Brief: An exact transcription is needed of the lines below from the one with "Kara Cuma 'da" through the one with "Blue Congrats Foil", with no other lines and no pictures.

Exercise data:
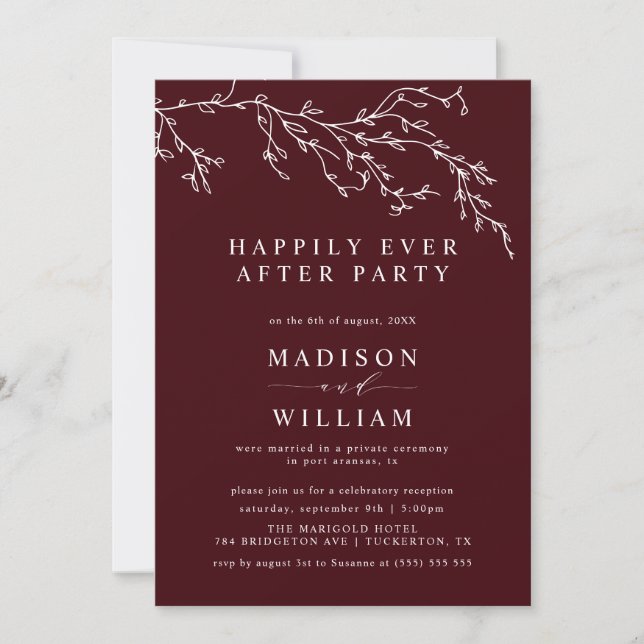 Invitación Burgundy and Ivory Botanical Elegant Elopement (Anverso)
...
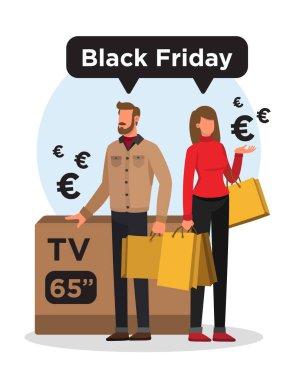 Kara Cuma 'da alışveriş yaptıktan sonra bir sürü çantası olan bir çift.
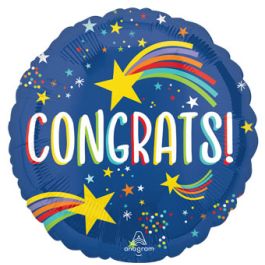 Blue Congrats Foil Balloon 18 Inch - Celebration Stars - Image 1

Reply:
 Kara Cuma 'da alışveriş yaptıktan sonra bir sürü çantası olan bir çift.
 Blue Congrats Foil Balloon 18 Inch - Celebration Stars - Image 1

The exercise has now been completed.